Надо, конечно, жить долго. Если писать нечего – надо писать мемуар, а для того, чтобы писать мемуар – нужно пережить современников.
Тогда-то и рождается то, что Даль называл «житейскiя истории», а также – «частныя записки».
И вот пишет человек мемуары, будто кричит:
– Ау, эй, я здесь, здесь ещё я!
Впрочем, время поворачивается, и профессию во фразе о долголетии нужно заменить на какую-нибудь другую. Об этом пойдёт речь потом.
Между тем, человек видевший Гоголя, сам обладал таинственной судьбой. Шелест своих и чужих книг слышался за его спиной, скрипели двенадцать подаренных стульев. Ему не надо было напоминать о себе. Он уже написал «Белеет парус одинокий» – вещь, которая отодвинула настоящего автора стихотворной строчки. Кто, дескать, написал «Белеет парус…»? Да Катаев.
Череда других книг, написанных Катаевым, теряется в тени этого произведения.
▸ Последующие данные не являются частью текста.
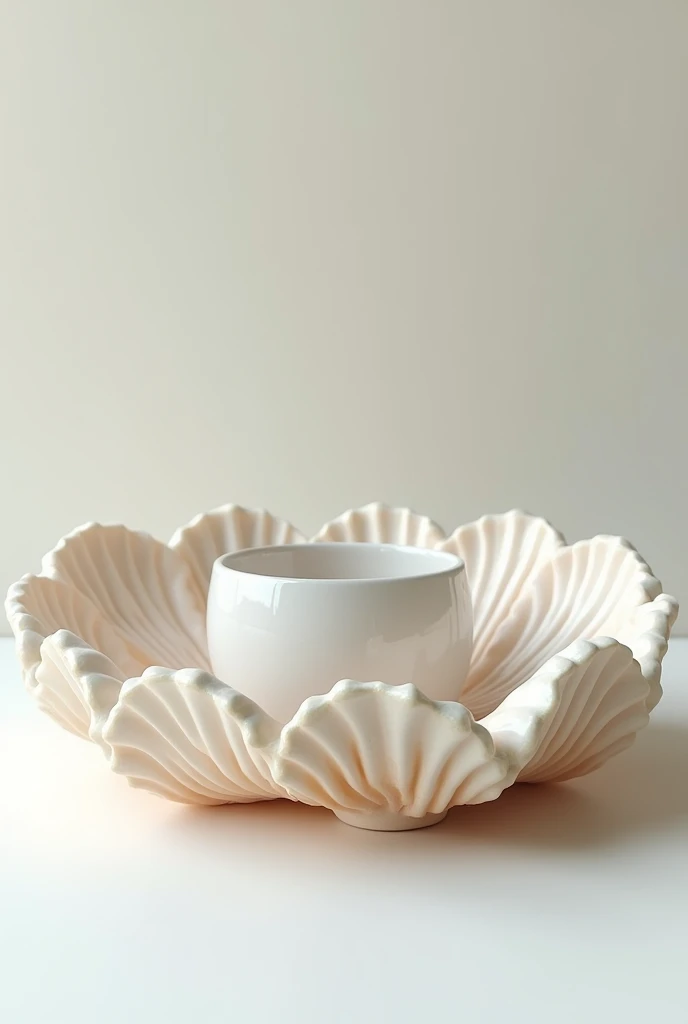 Scallop surrounding a cup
Даже продолжение странствий одесских мальчиков растворено отсутствующим временем. Даже роман-хроника «Время, вперёд!» известен больше благодаря музыке, с ним связанной. Именно житейские истории, перетёкшие в мемуарные записки с расчётливо вдутым в них ворованным воздухом, сделали Катаева тем, чем он стал. Они стали документом, свидетельствующем о придуманном мире с особым эйнштейновским временем. Нет, конечно наблюдателю стало всё видеться иначе, чем на самом деле. Нет, и раньше он видел всё в искажённом свете – прямого света в воспоминаниях не бывает. Он всегда отражённый. То есть – субъективный.
Да – времени не было. Катаев сам цитировал Достоевского: «Что такое время? Время не существует, время есть цифры, время есть отношение бытия к небытию», и восклицает: «Я знал это уже до того, как прочёл у Достоевского. Но каково? Более чем за сто лет до моей догадки о несуществовании времени! Может быть, отсюда моя литературная «раскованность», позволяющая так свободно обращаться с пространством».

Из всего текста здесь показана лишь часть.